** Activity **
Copy everything in the data below exactly except the pictures.

┌──

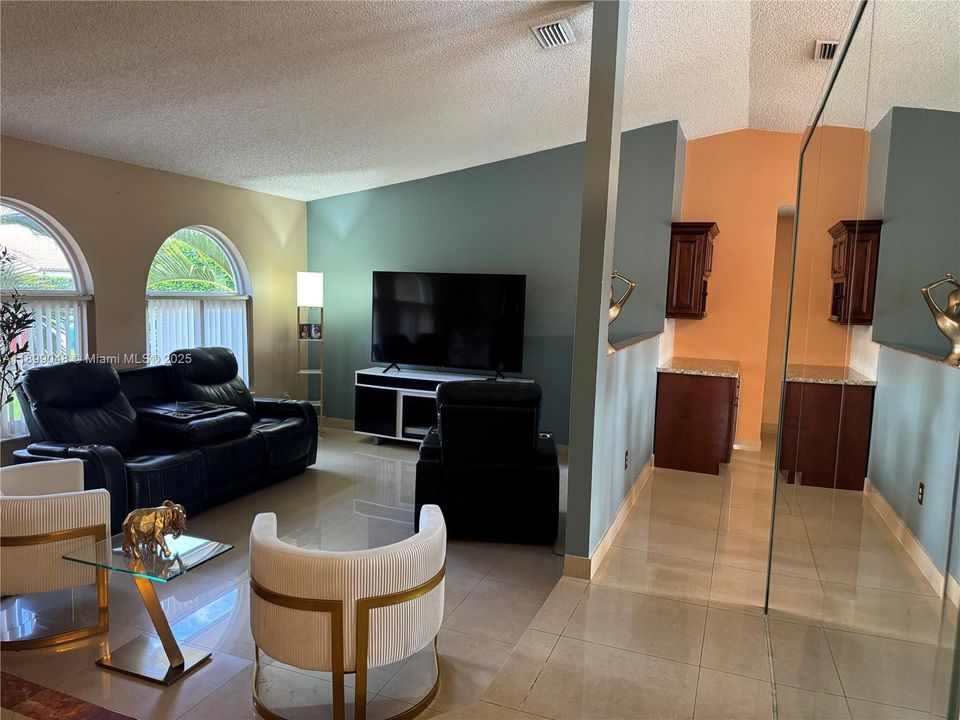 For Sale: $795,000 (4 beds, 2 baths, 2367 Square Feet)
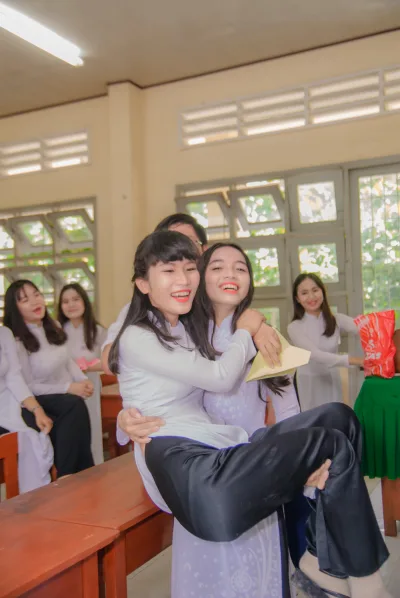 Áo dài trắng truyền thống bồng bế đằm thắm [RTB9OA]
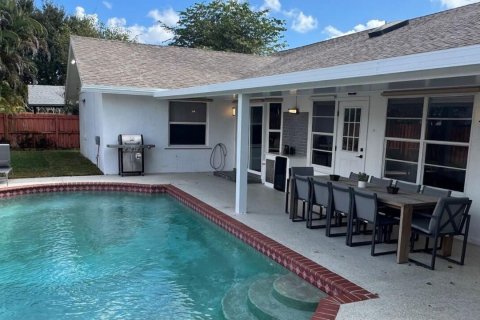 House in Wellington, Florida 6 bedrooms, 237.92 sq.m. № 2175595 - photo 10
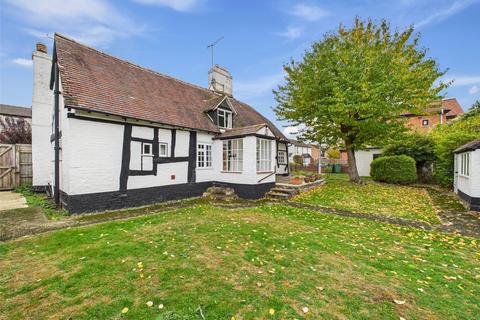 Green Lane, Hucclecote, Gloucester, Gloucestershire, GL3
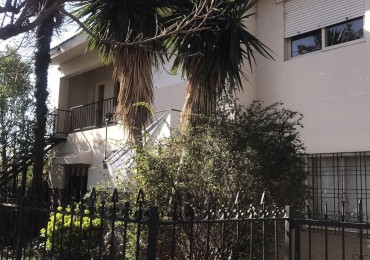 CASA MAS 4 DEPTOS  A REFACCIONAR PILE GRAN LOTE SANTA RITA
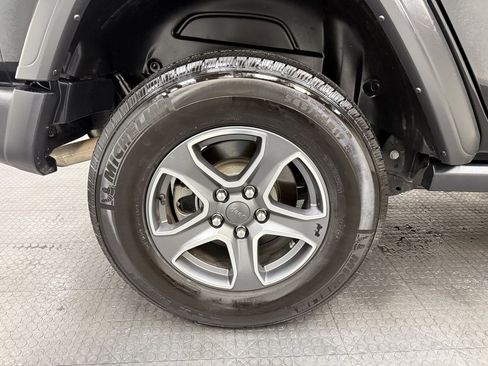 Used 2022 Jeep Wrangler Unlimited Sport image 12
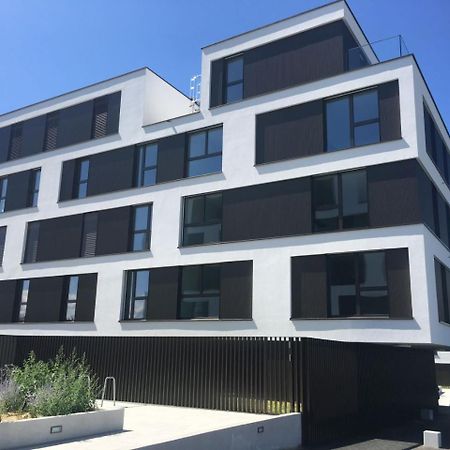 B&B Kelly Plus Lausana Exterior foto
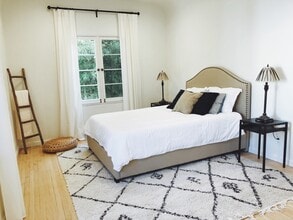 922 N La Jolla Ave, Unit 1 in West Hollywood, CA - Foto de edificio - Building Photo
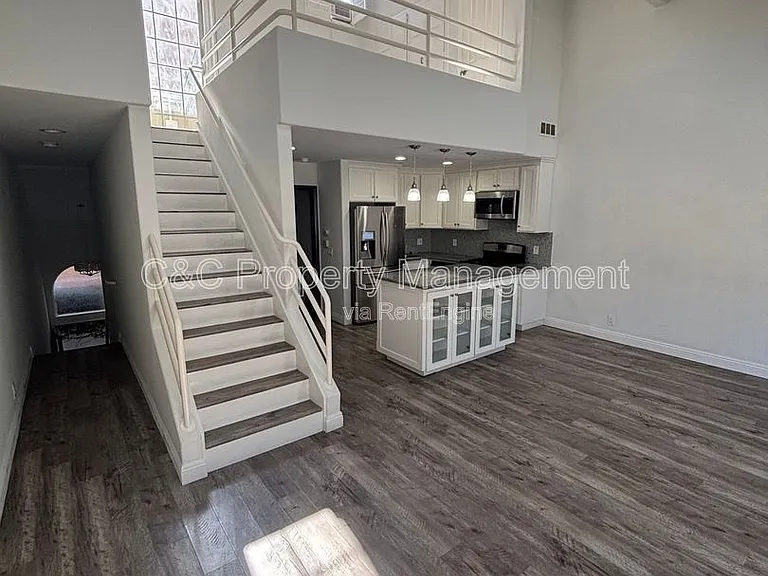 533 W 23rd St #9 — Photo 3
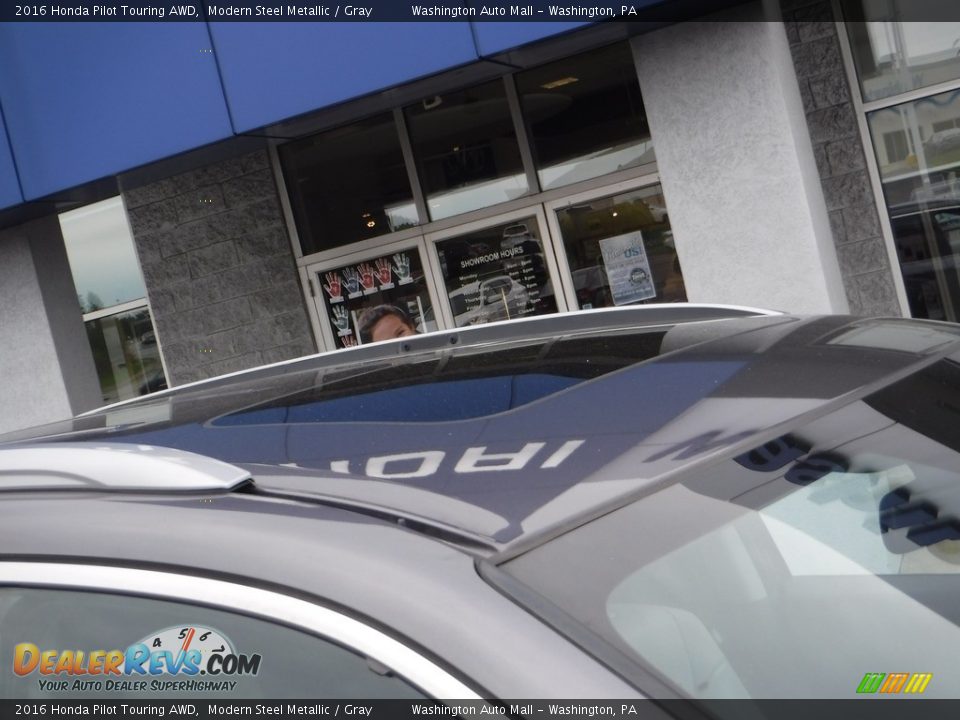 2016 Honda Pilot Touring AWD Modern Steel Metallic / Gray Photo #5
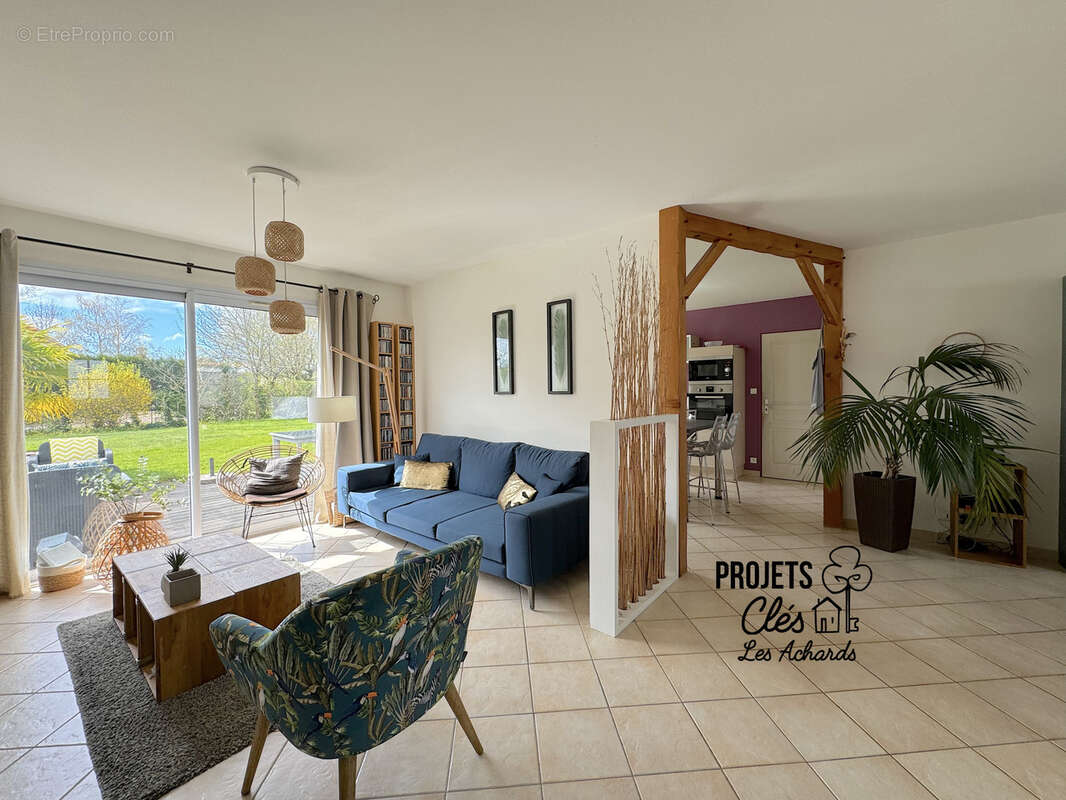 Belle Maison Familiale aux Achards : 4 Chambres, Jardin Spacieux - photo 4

└──

** Answer to the problem **
 For Sale: $795,000 (4 beds, 2 baths, 2367 Square Feet)
 Áo dài trắng truyền thống bồng bế đằm thắm [RTB9OA]
 House in Wellington, Florida 6 bedrooms, 237.92 sq.m. № 2175595 - photo 10
 Green Lane, Hucclecote, Gloucester, Gloucestershire, GL3
 CASA MAS 4 DEPTOS  A REFACCIONAR PILE GRAN LOTE SANTA RITA
 Used 2022 Jeep Wrangler Unlimited Sport image 12
 B&B Kelly Plus Lausana Exterior foto
 922 N La Jolla Ave, Unit 1 in West Hollywood, CA - Foto de edificio - Building Photo
 533 W 23rd St #9 — Photo 3
 2016 Honda Pilot Touring AWD Modern Steel Metallic / Gray Photo #5
 Belle Maison Familiale aux Achards : 4 Chambres, Jardin Spacieux - photo 4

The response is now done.